El fox-trot popular se inició con la ofensiva incompleta de Esperanza Aguirre. Ésta insinuó que le echaría un pulso a su jefe. Rajoy reaccionó invitándola a que se fuera del partido y acelerando la recogida de avales que los estatutos exigen para entrar en liza. Le diligencia del presidente fue asombrosa: no sólo acumuló avales sino que apenas dejó margen para que otros hiciesen su avío. Bastaron dos semanas para que se apreciara que poco podía un aspirante, incluso un aspirante tan bien armado como Aguirre, contra el cierre oligárquico de la cúpula. La presidenta de Madrid plegó velas, envuelta en un doble silencio. Silencio porque apenas había dicho nada de sustancia durante los días en que parecía dispuesta a bajar al ruedo. Silencio porque nada dijo cuando se quedó sentada en la grada. La impresión general es que Aguirre estima que Rajoy no está sacando del PP el rendimiento adecuado. La idea se presta a ser resumida en la frase, o consigna, de que el problema del PP es de liderazgo, no ideológico. Pocos discuten, en efecto, la necesidad de que el PP se afirme como partido de centro. Pocos creen que ello exija una revolución moral, puesto que el PP también estuvo en el centro durante la legislatura anterior y sólo se equivocó al disimularlo con algunos gestos intempestivos. Nos encontraríamos, todo lo más, ante una dificultad técnica, que puede superarse cambiando una pieza por otra de idéntica hechura, aunque más nueva o mejor engrasada.

La disidencia técnica se complicó con la dimisión desgraciada de María San Gil. María San Gil cuenta más por lo que significa, que por el contingente de votos conseguidos en las elecciones. Pero significa mucho, y por lo mismo, cuenta mucho. Hubo un maltrato de San Gil, y poca voluntad de recuperarla. La rehabilitación de su ponencia obedeció más al deseo de convertir su desistimiento en incomprensible, que al de ganarla de nuevo para la Ejecutiva. Sea como fuere, la espantada de San Gil alimentó la sospecha de que el PP ha reorientado su estrategia en materia territorial. Ya no se trataría de defender la unidad nacional tremolando la bandera roja y gualda, sino de ganar la batalla electoral contando los arrimos de que se dispone para formar mayoría parlamentaria. Ello implicaría una apertura táctica a los nacionalistas viables, y una aceptación implícita de los cambios incoados por la política de Zapatero. Estoy haciendo, ¡cuidado!, conjeturas, no afirmaciones. Los que han expresado objeciones a la jefatura de Rajoy, no se han referido al territorio. Y los que teorizan sobre la cuestión territorial, no se han pronunciado contra Rajoy. El efecto agregado produce perplejidad, una perplejidad que sólo es dable atenuar descendiendo desde los pronunciamientos públicos a documentos de índole más arcana. Recomiendo, en este sentido, una lectura atenta de la enmienda que a la ponencia política han presentado Vidal-Quadras, Nasarre, y Abascal.
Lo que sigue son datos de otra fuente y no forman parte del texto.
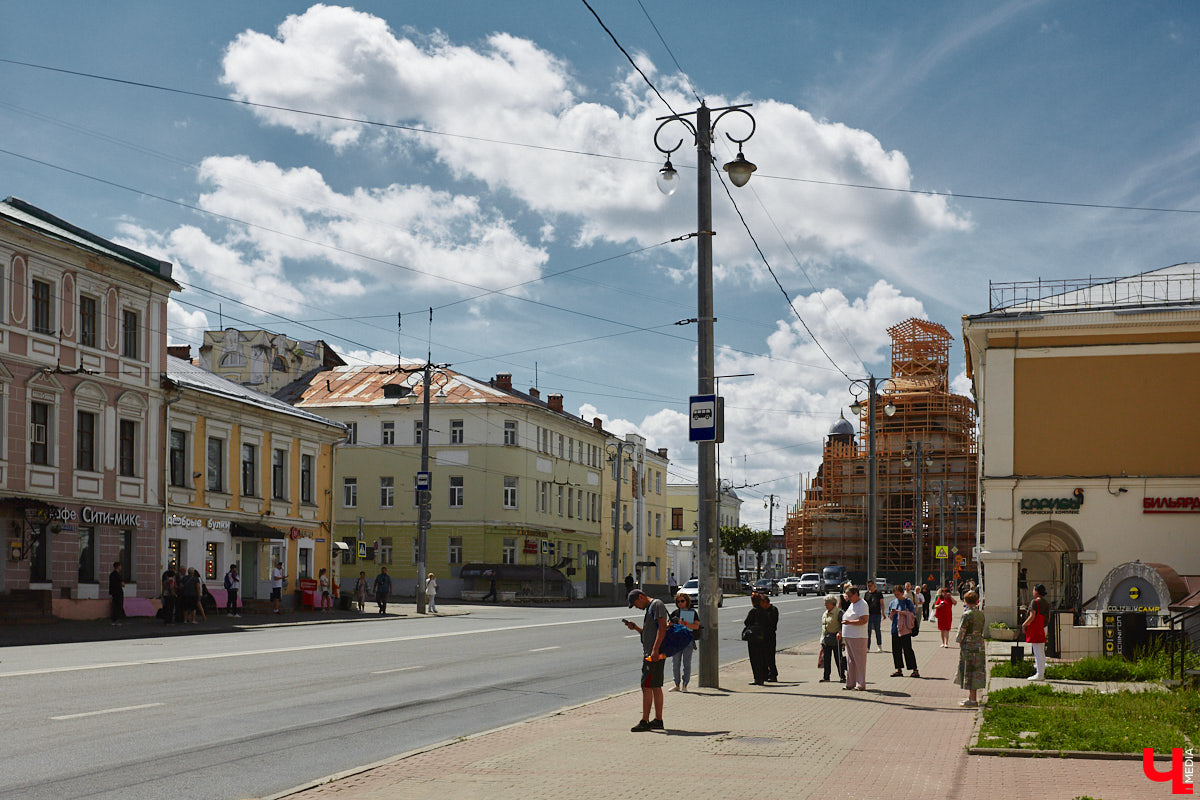 Во Владимире, без сомнения, есть на что посмотреть. Жаль только, его историческая часть находится в упадке, а гостям областного центра приходится то и дело натыкаться на различные поломки, строительные леса, ограждения и ленты, запрещающие проход. Мы посмотрели на любимый город глазами путешественников и составили подборку темных пятен на его туристической репутации.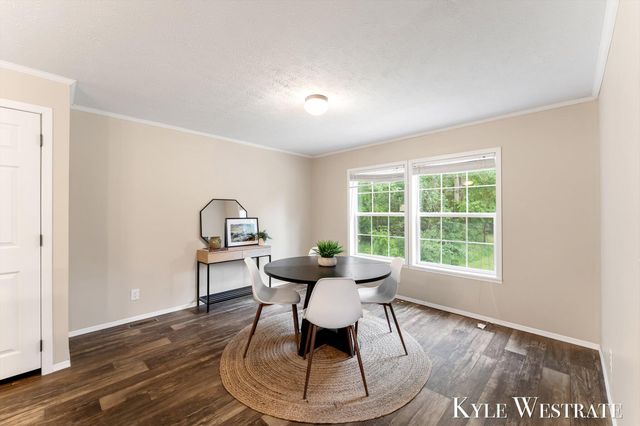 704 Chestnut, Howard City, MI 49329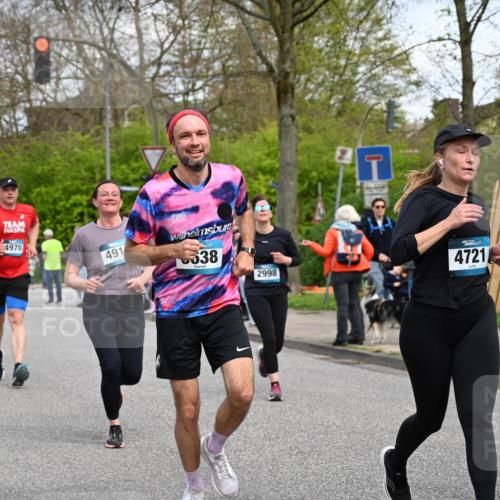 12.04.2026 - 45. Internationalen Wilhelmsburger Insellauf J. Mangold http://msf.ph/oto/9514767 12.04.2026 13:12:40 Ziel 5750, 5855, 2280, 3441, 5674, 4841, 2275, 4671, 4627, 4628, 3638, 4385, 2274, 4919, 4720, 4721, 4721, 2998, 4693, 3519, 4970, 3686, 4643, 2877, 5265, 5266, 4648, 2026, 5457, 4320, 4249, 3033, 2470, 4364, 3942, 5221, 3540, 3933, 3935, 3805, 5158, 5157, 2462, 4533, 5693 meine-sportfotos.de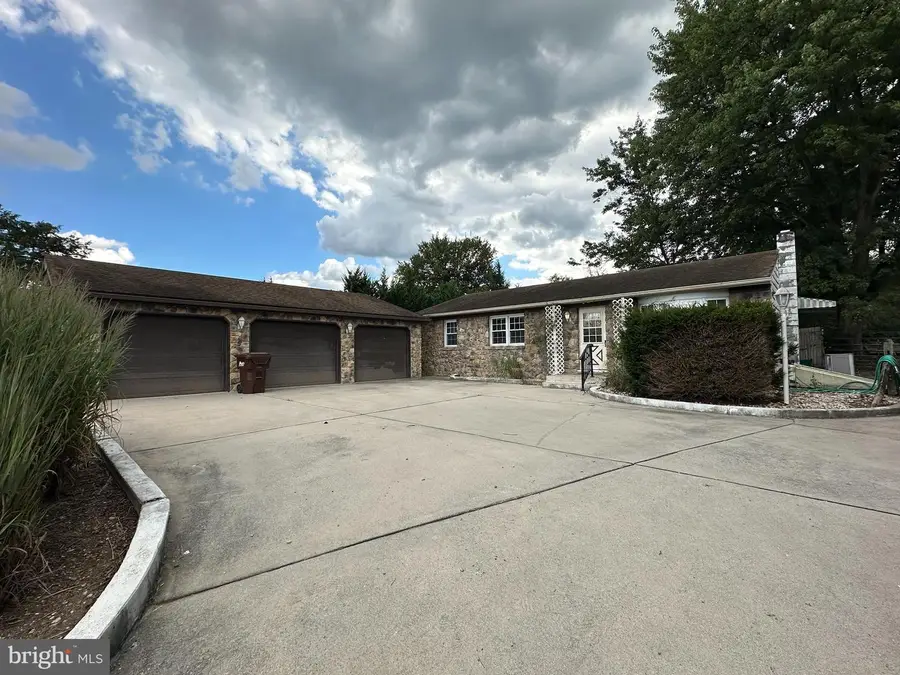 4080 Dixie Avenue #4080, Chambersburg, PA 17202 - Image #3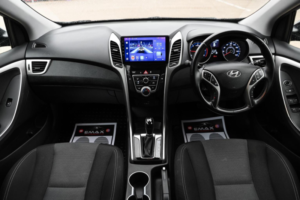 2015 Hyundai I30 1.6 Crdi Active Auto Euro 5 5dr in Black — image 5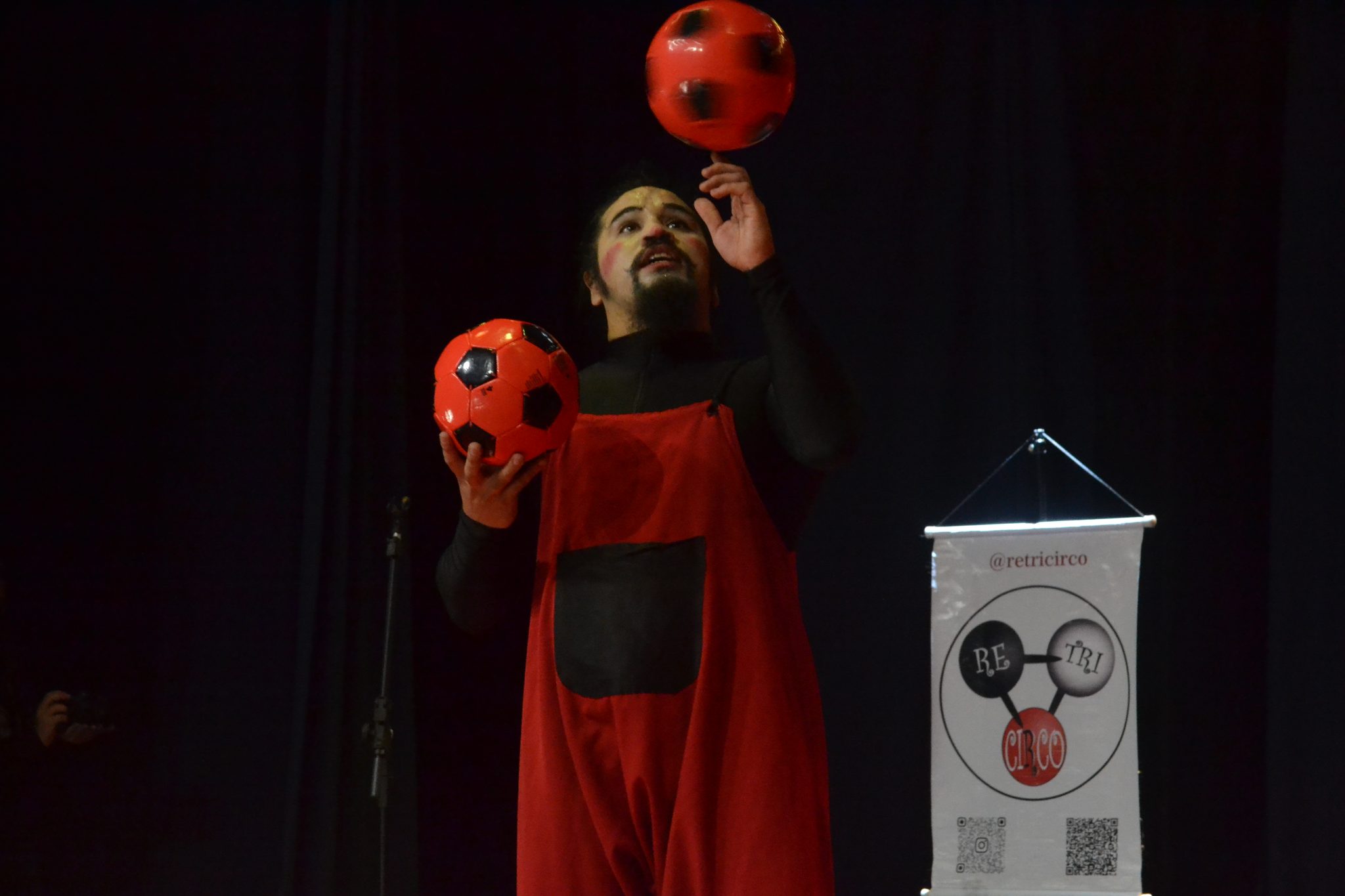Festival Atena - "Circo de Bolso" (26/06)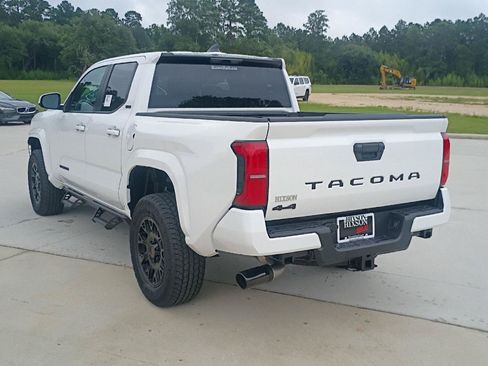 New 2026 Toyota Tacoma SR5 AWD/4WD image 5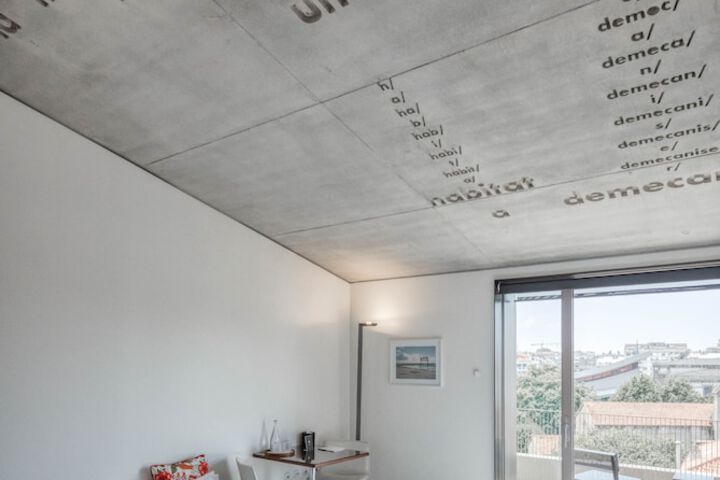 Room 8 of 55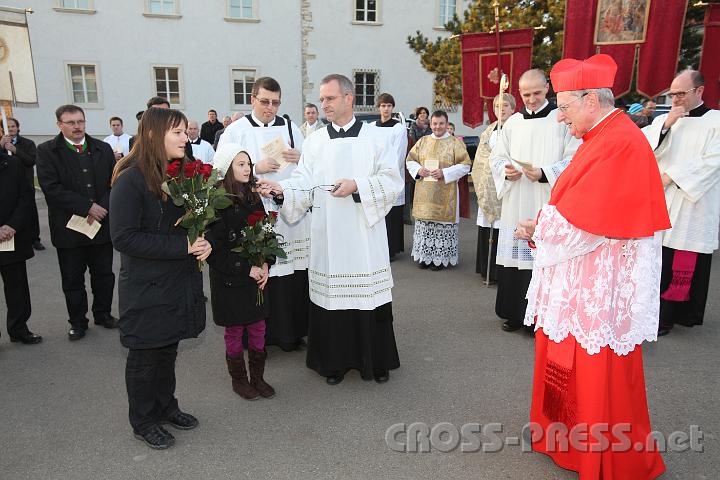 2011.11.13_16.32.03.jpg - Feierlicher Empfang Seiner Eminenz Kardinal Joachim Meisner, Erzbischof von Köln.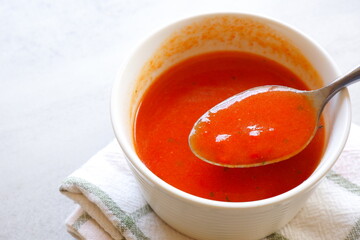 できたてで熱々のトマトスープ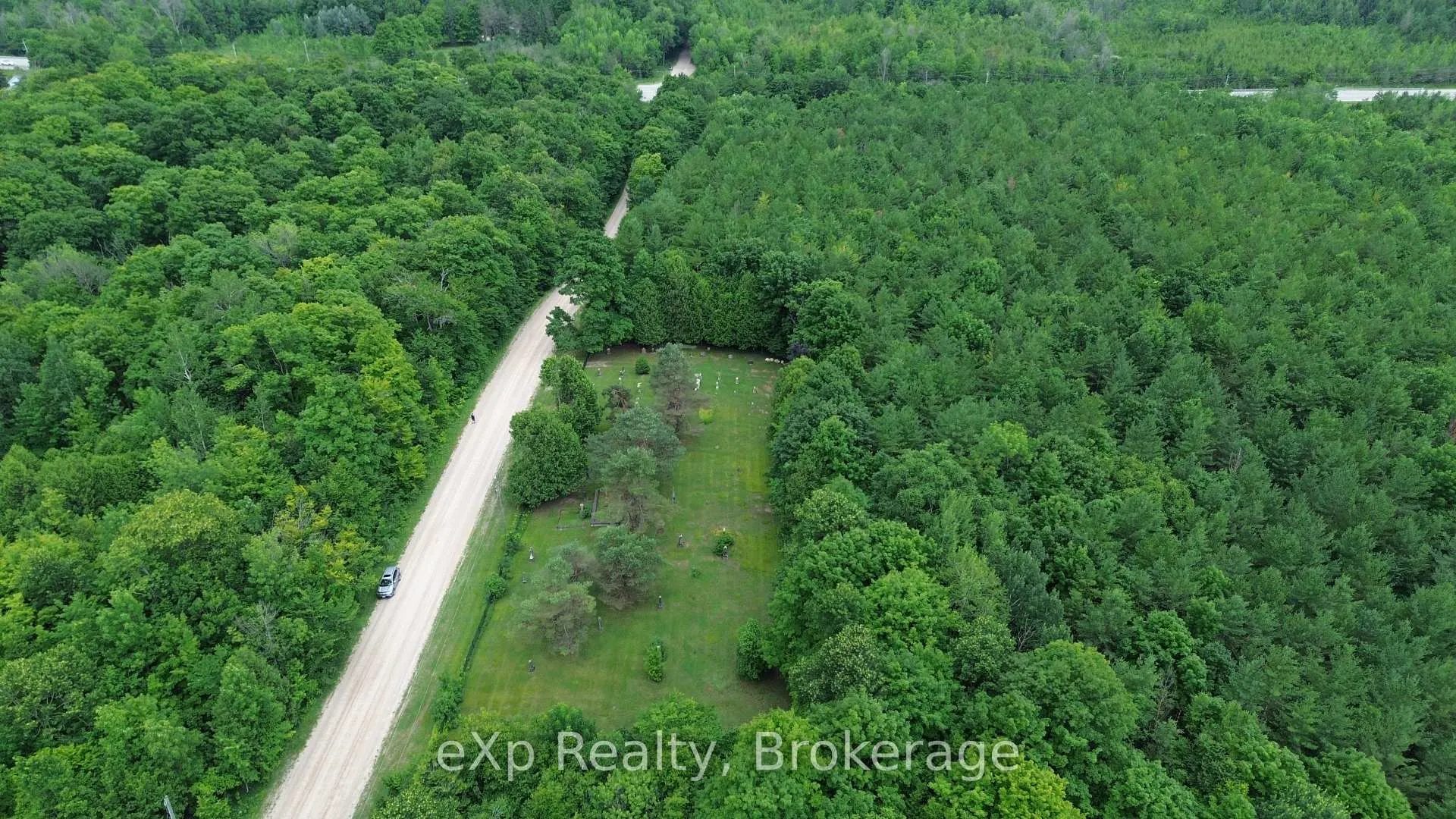 Photo 4 of 720227 Sideroad 20 Side Road, Chatsworth — HOMEH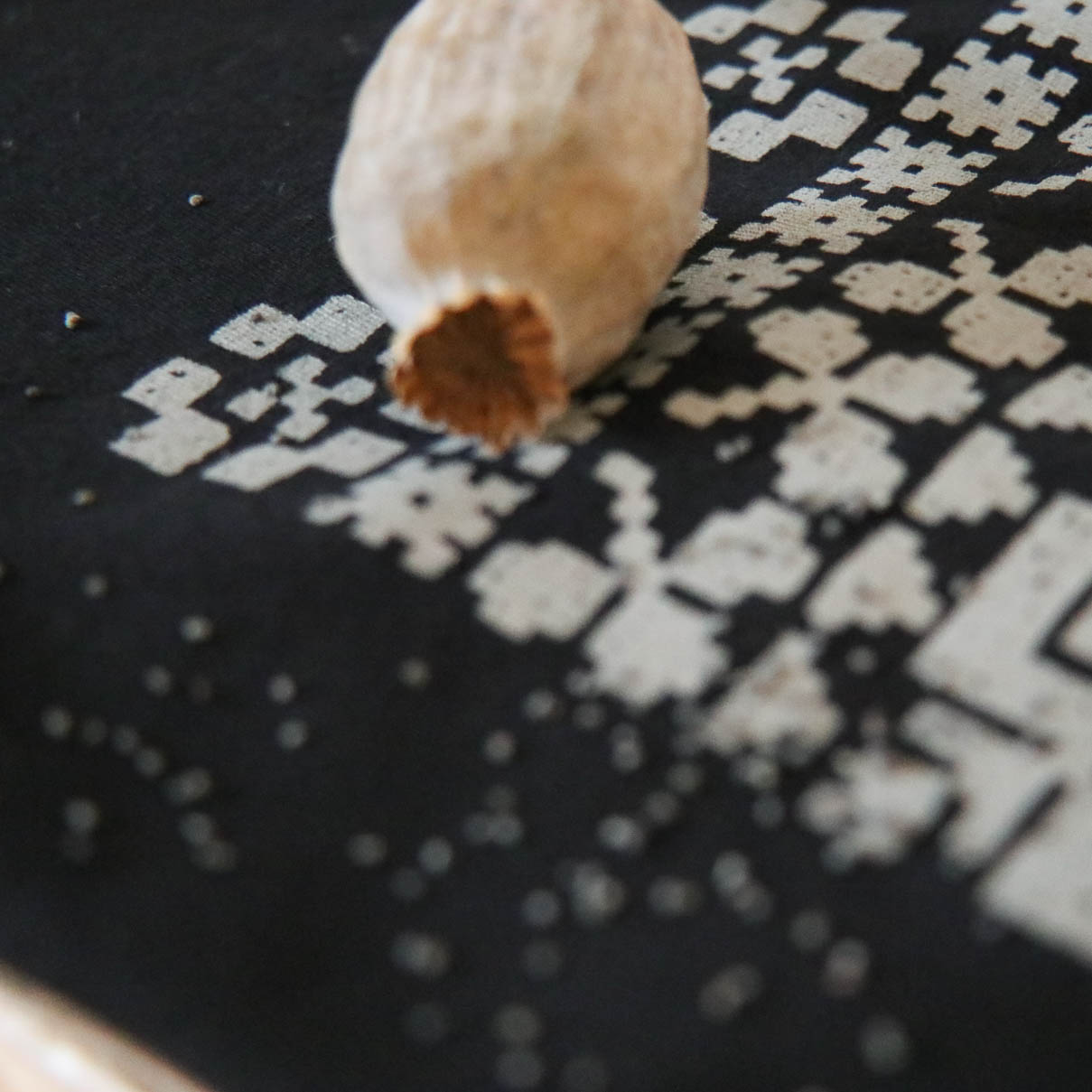 cierne tielko s ludovym motivom cierne tielko s ludovym motivom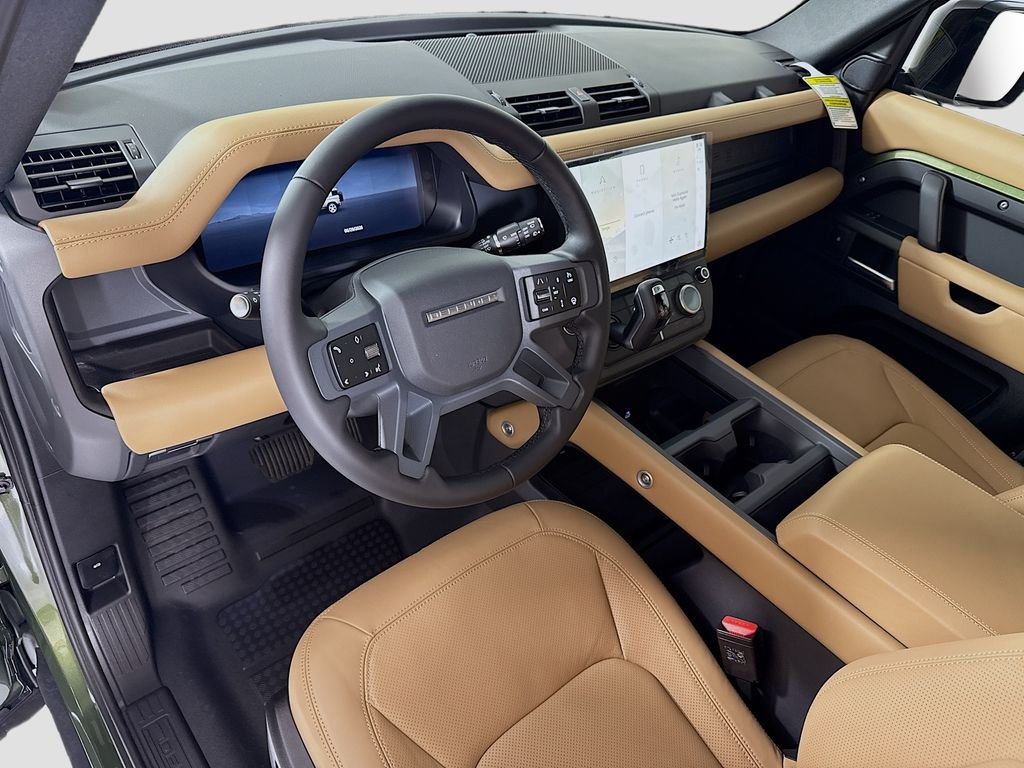 New 2026 Woolstone Green Land Rover X-Dynamic SE image 10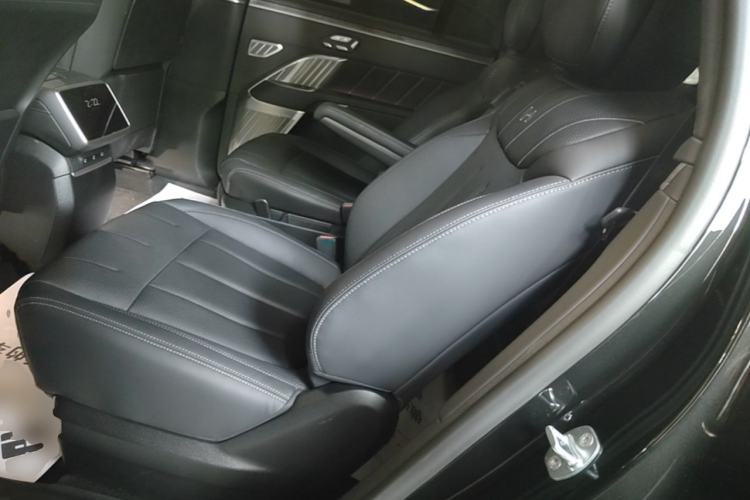 Used ONVO Luxeed L90 2025 Model—Ultra Six-Seater Version Left Rear Seat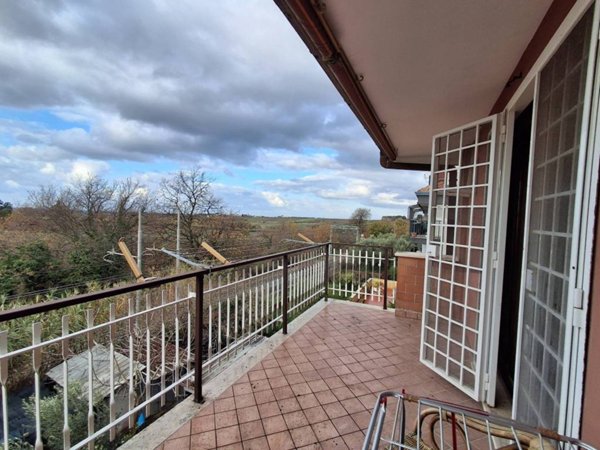 appartamento in affitto ad Albano Laziale in zona Pavona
¿A qué conclusión se llega? Pues a la de que existe una coincidencia absoluta en materia de principios entre los autores de la enmienda y la línea oficial del partido. Todos coinciden en defender la cohesión del Estado; todos previenen que esa cohesión está amenazada por desarrollos estatutarios inmoderados. Hasta aquí, parecen llevar razón quienes sostienen que no existe un contencioso ideológico. Se da, no obstante, una circunstancia interesante. Al contrario que los ponentes, los autores de la enmienda sí proponen acciones concretas para frenar el proceso degenerativo que está experimentando el Estado. Una de esas acciones, consiste en la reforma de la Constitución. Otra, en una apelación al PSOE. Lo segundo es consecuencia forzosa de lo primero. Sin el PSOE, en efecto, no es materialmente posible la reforma de la Constitución.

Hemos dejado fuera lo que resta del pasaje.